• Provided data
-----

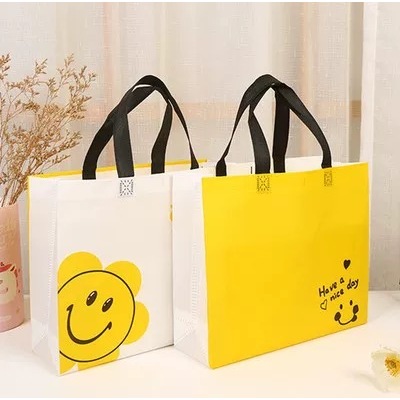 

Goodie bag-Tas Belanja tas Jinjing tas spunbond tas souvenir premium tebal dan kuat/Terlaris lipat jumbo/ waterproof/shopping bag WFB-002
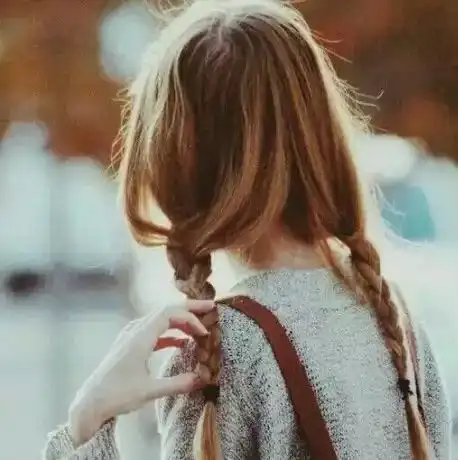 绿系女生头像背影图片喜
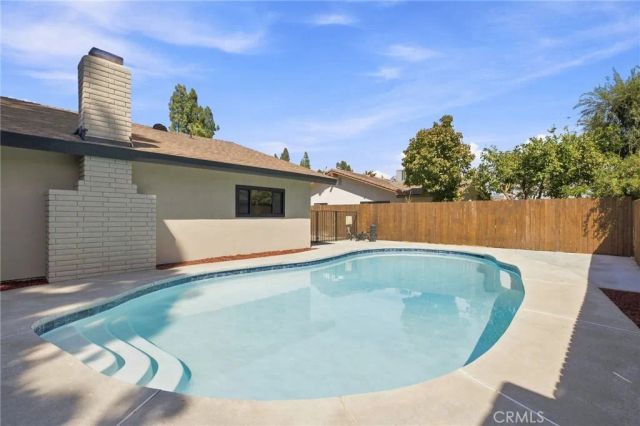 6805 Saddleback, Bakersfield, CA 93309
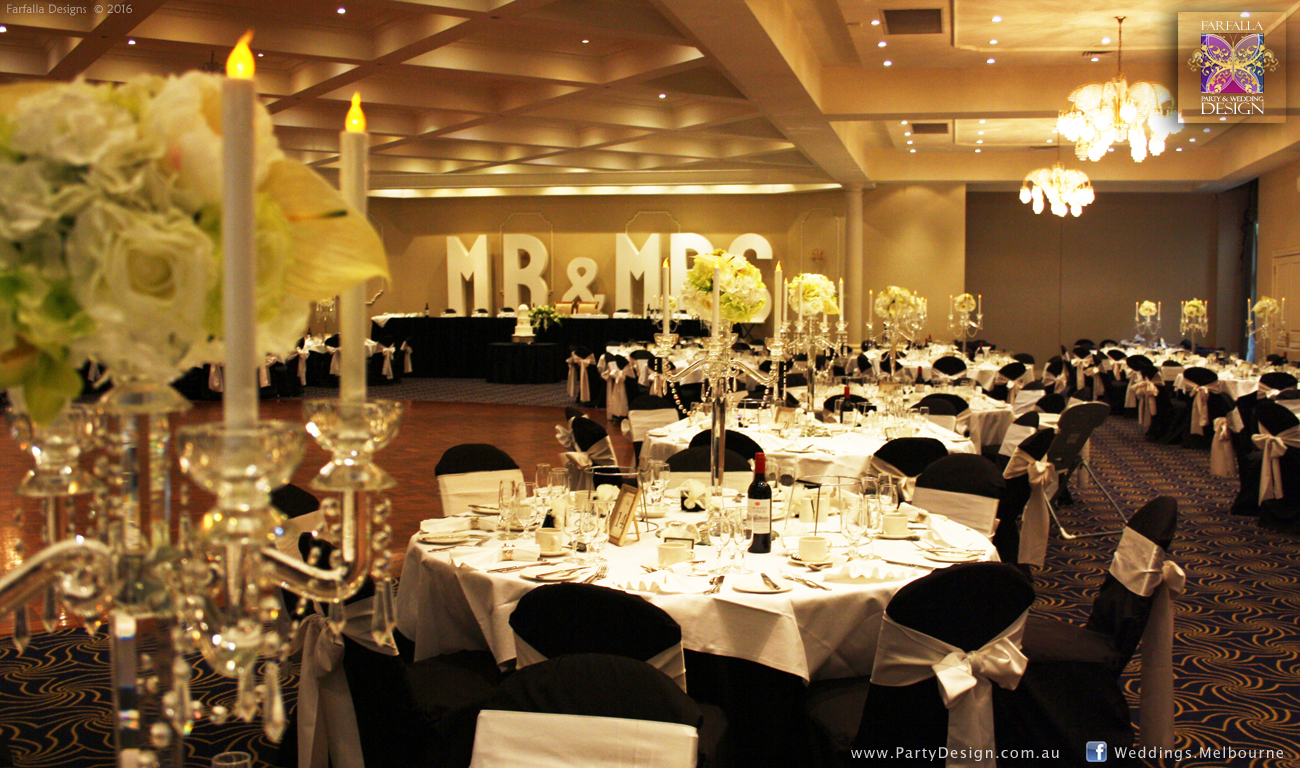 Majestic Centrepiece</b>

-----

• Aim of the exercise
After locating the line that contains "绿系女生头像背影图片喜", output it and all later lines through the end of the material exactly, leaving out pictures.

• Answer section
 绿系女生头像背影图片喜
 6805 Saddleback, Bakersfield, CA 93309
 Majestic Centrepiece</b>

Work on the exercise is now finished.